THE BLIND CAN BE PRODUCTIVE
The Jerusalem conference will attempt to demonstrate to Israelis that given the proper training and education these 8000 blind persons, “a sizeable percentage” of whom Dr. Freid said, are on welfare, can be “dues paying citizens of Israel.” About one-third of the conference participants will be blind persons and Dr. Freid said this will be their opportunity to “sit down with the top one hundred social workers in Israel” to discuss their problems.
According to Dr. Freid the problems of the Israeli blind are three-fold: Firstly, due to the financial stringency of the Israeli economy, the government cannot subsidize courses of study to train professionals in special education, rehabilitation and vocational guidance for the blind. Secondly, the blind in Israel don’t have an equal say in the agencies that affect them. Dr. Freid said he didn’t know of any blind persons who are board members of agencies for the blind. Thirdly, there is little acceptance of the blind in Israeli society, many of whom are “fixated at the level of switchboard operator.” Dr. Freid was primarily referring to a switchboard training program set up for the blind by Dr. Nissim Higel which Dr. Freid said was “successful” but at the same time unfortunate because “many of the blind can do much better than this level of employment.”
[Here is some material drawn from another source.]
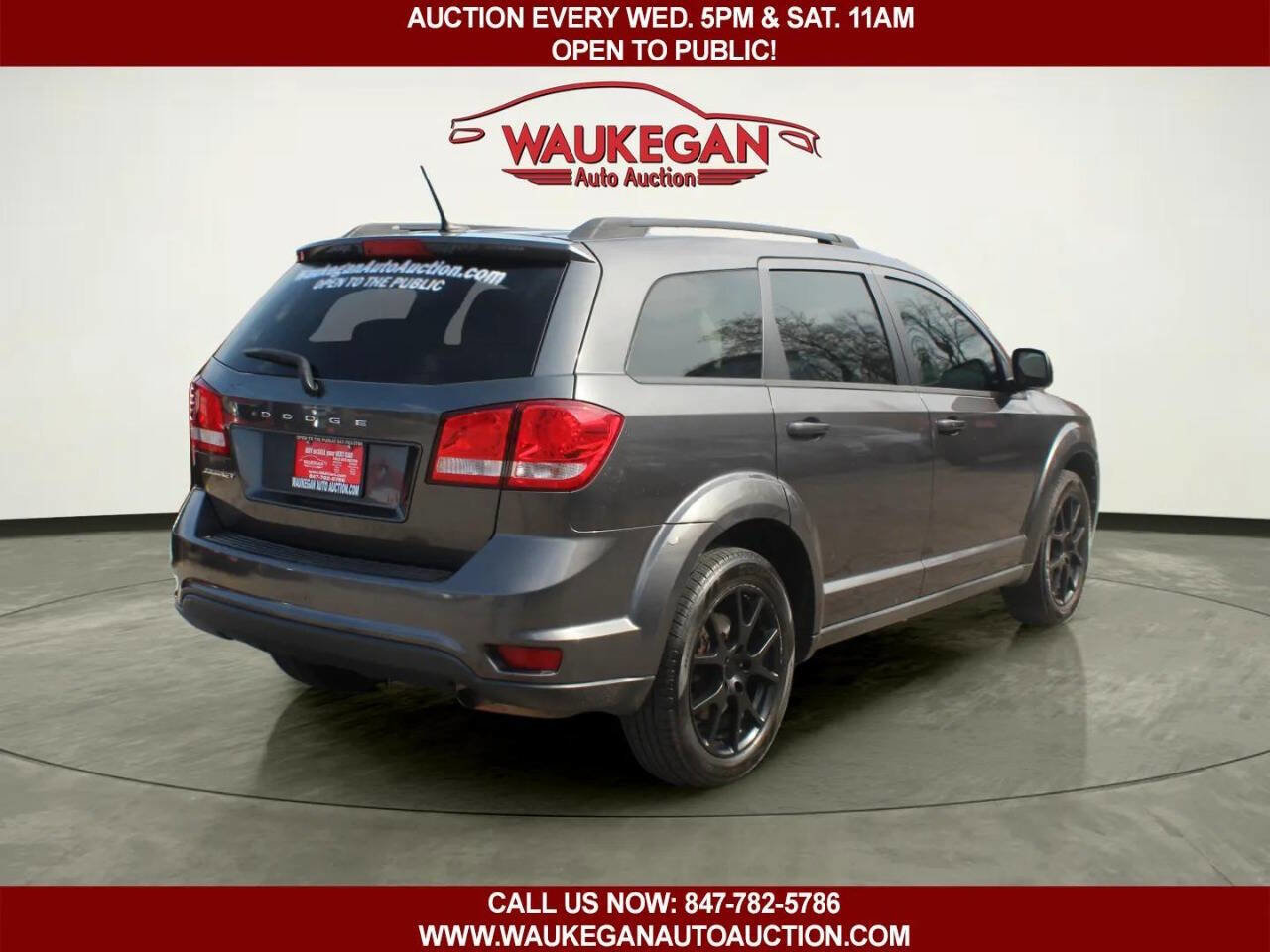 Used 2014 Dodge Journey SXT w/ Flexible Seating Group image 3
BARRED FROM MANY TOP POSITIONS
In Israel there is still a certain residual of the traditional belief that blindness “is a penalty or curse of God.” Dr. Freid said. Also, throughout the Middle East the status of the blind was “a quarter of a century behind the U.S. as far as training and opportunities.” The blind in Israel are now barred from government positions, foreign service, and the army where, Dr. Freid said, he felt the blind could serve in a back-of-the line capacity.” According to him, “the whole world is going through a revolution in its attitude toward the blind and there are glimmerings of it now in Israel.”
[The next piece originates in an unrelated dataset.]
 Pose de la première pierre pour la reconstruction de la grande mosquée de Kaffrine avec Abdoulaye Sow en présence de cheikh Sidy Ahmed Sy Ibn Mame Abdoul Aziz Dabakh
Attempts are being made for the universities in Israel to make available courses of study in rehabilitation and special education for the blind. Dr. Freid mentioned that former Brooklynite Lea Levavi, a staff member of the Jerusalem Post, is the first and only blind reporter in Israel. He also noted that Dr. Haim Blanc, professor in the social sciences at Hebrew University, and Dr. Albert Benjamin, psychology professor at Haifa University, are both blind. But Dr. Freid added, “The blind should not have to be super-brilliant to overcome their disabilities.”